Islam sendiri ketika kita menengok surah Al-Hujurat: 13, yang artinya: “Hai manusia, sesungguhnya Kami menciptakan kamu dari seorang laki-laki dan seorang perempuan dan menjadikan kamu berbangsa-bangsa dan bersuku-suku supaya kamu saling mengenal. Sesungguhnya orang yang paling mulia diantara kamu di sisi Allah ialah orang yang paling bertakwa di antara kamu. Sesungguhnya Allah Maha mengetahui lagi Maha Mengenal,” tegas menunjukkan, bila perbedaan adalah keniscayaan. Bukan hanya dalam perkara agama, melainkan dalam perkara lain seperti gender, suku, bangsa dan lainnya.
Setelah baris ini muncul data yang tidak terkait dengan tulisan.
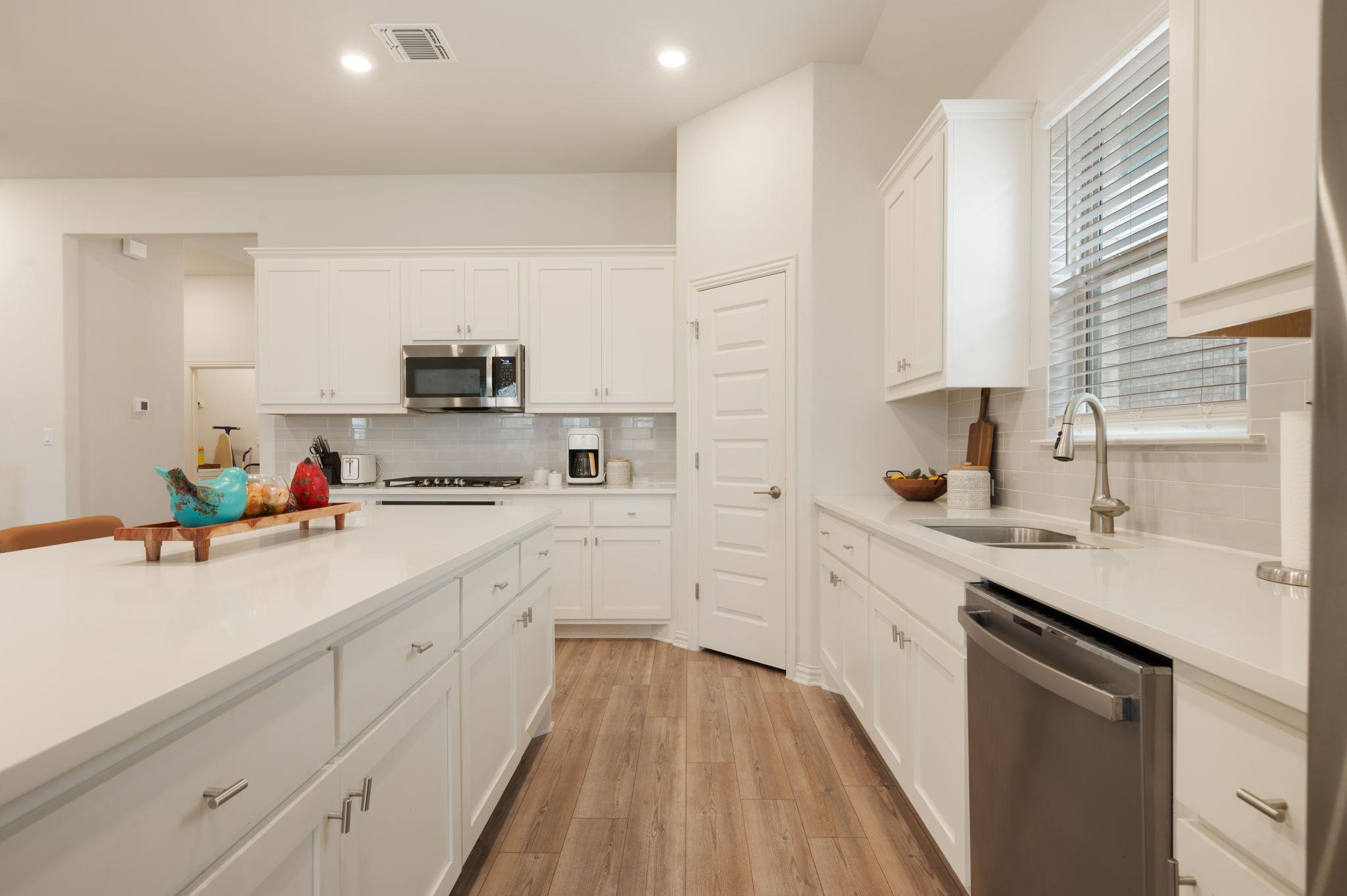 3932 Pine Cone Way Property Photo 8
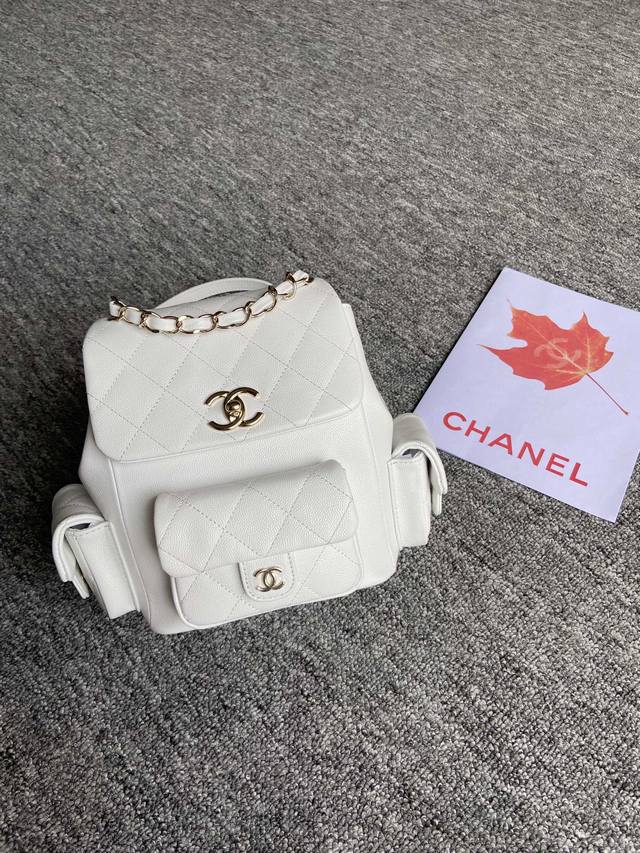 Chanel 23Kas4398小号 双肩小书包可可爱爱虽说初看真的很像炸药包 但是实物还是可可爱爱的 而且两边的小口袋也挺实用的 大小正好放下airpods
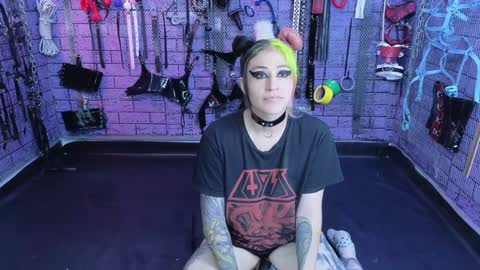 Snapshot of pandoranez chatting on 12-22-24, 11:20 PandoraNez online show from 12-22-24, 11:20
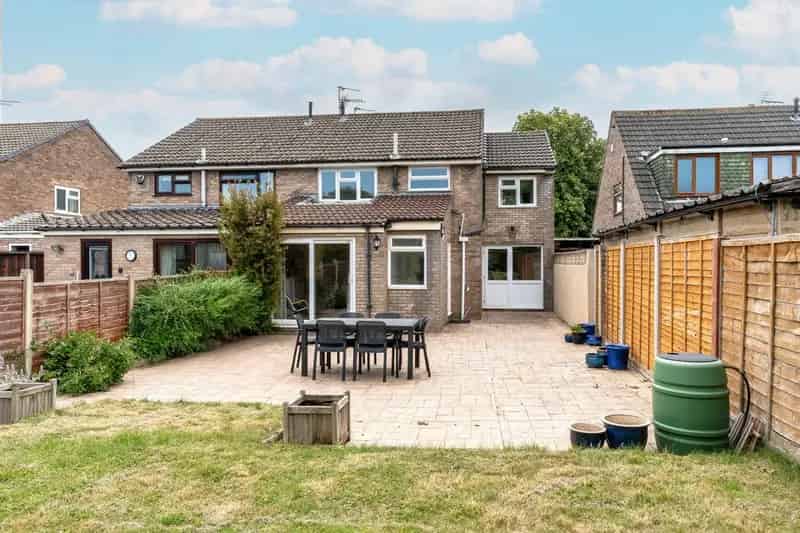4 Bedroom Semi Detached House For Sale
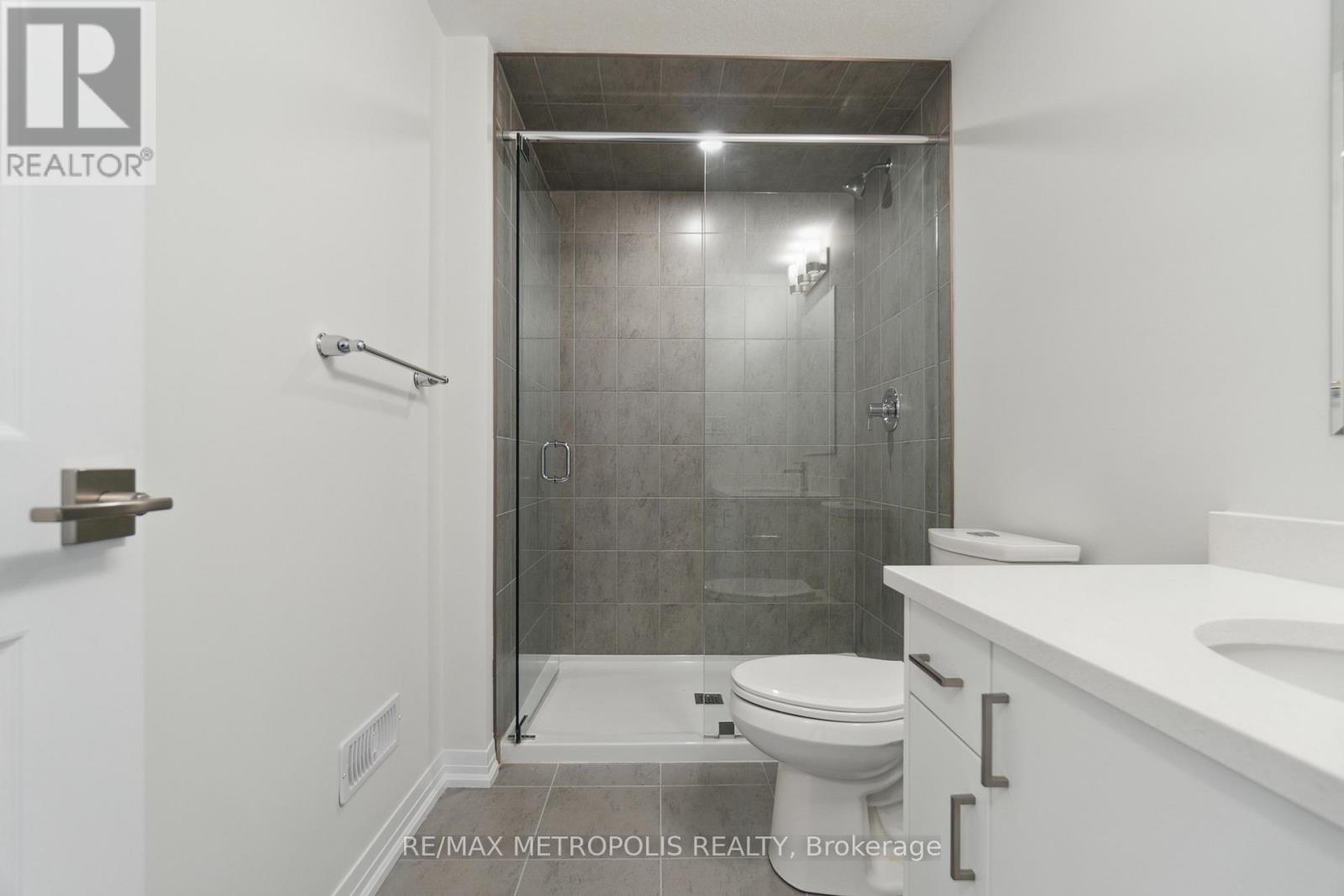 27 - 15 Stauffer Woods Trail, Kitchener, Ontario  N2P 0L1 - Photo 24 - X12505616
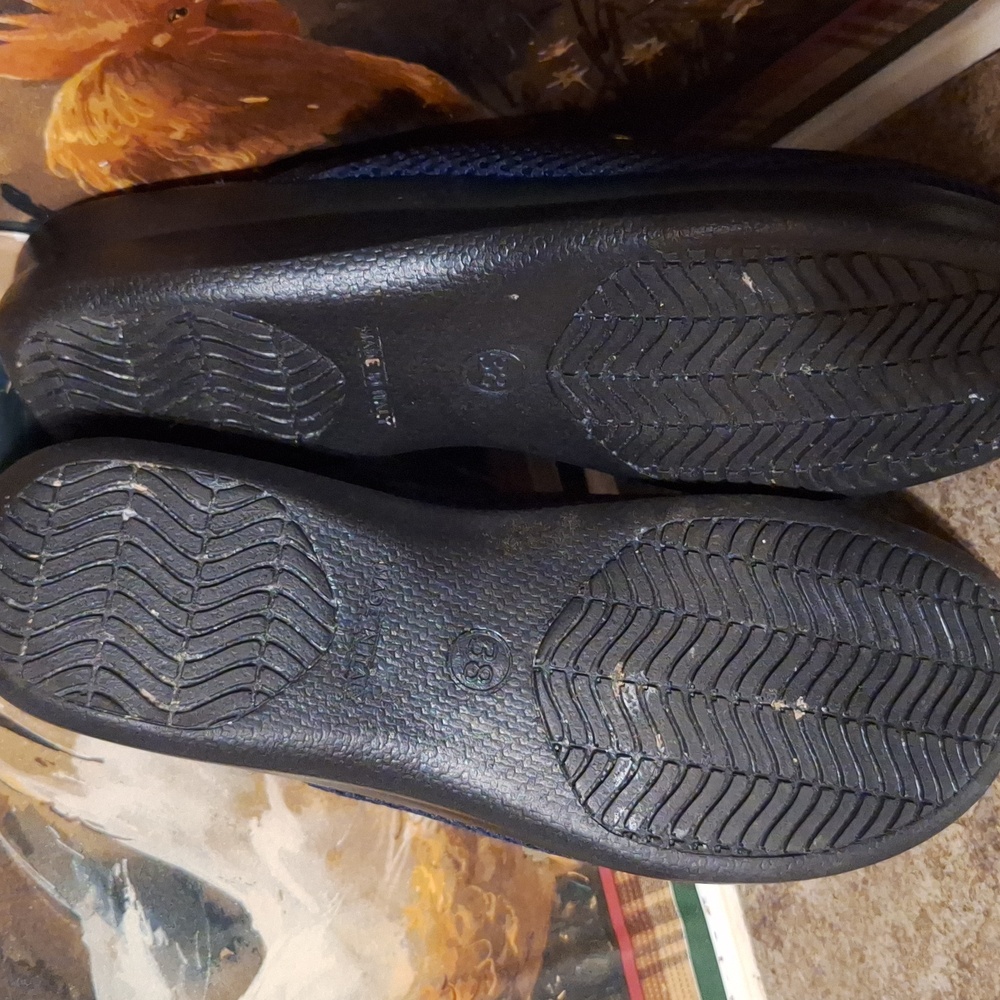 Flexus Slip-Ons - image 7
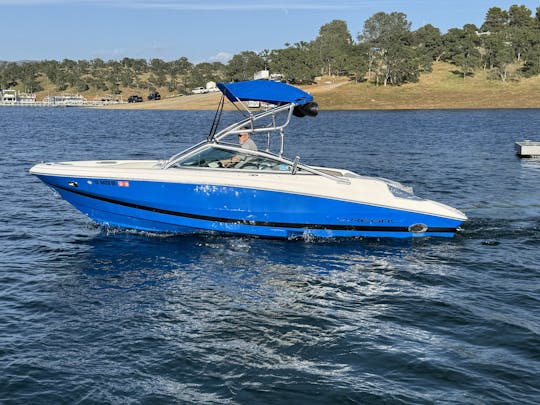Aproxime-se de Bass Lake: o emocionante Regal Bowrider de 22 pés para aventuras aquáticas!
Dikarenakan perbedaan sudah menjadi keniscayaan, tidak sepatutnya menjadi penyebab perpecahan. Melainkan kita jadikan jawaban untuk saling mengenal satu sama lain sehingga terbentuk horizon local wisdom ciptaan Allah maupun Islam ala Indonesia khususnya. Terhadap hal ini, Prof. Umar Shihab (2017:6) juga menegaskan, dalam perbedaan kemungkinan untuk bersatu itu ada. Tetapi kalau perpecahan kata beliau, tidaklah demikian.
Terhadap itu pula, mengutip Dr. Yusuf Al-Qardhawi dalam bukunya “Memahami Khazanah Klasik, Mazhab dan Ikhtilaf” (2003:177), dari Mahmud Al-Khazandari, ia menyebut fikih perbedaan (figh al-ikhtilaf) justru dengan sebuatan fikih persatuan (fiqh al-i’tilaaf). Sebab, baginya yang menjadi tujuan dalam memahami fikih perbedaan adalah justru untuk mewujudkan persatuan di antara umat Islam.
Melalui secuil ulasan penulis di atas, mari kita pahami, bila Idul Fitri sama-sama kita diperingati 1 Syawal 1444 H/2023 M.
* Penulis adalah Dosen Prodi PAI, Fakultas Tarbiyah, Universitas Nahdlatul Ulama Sunan Giri (UNUGIRI).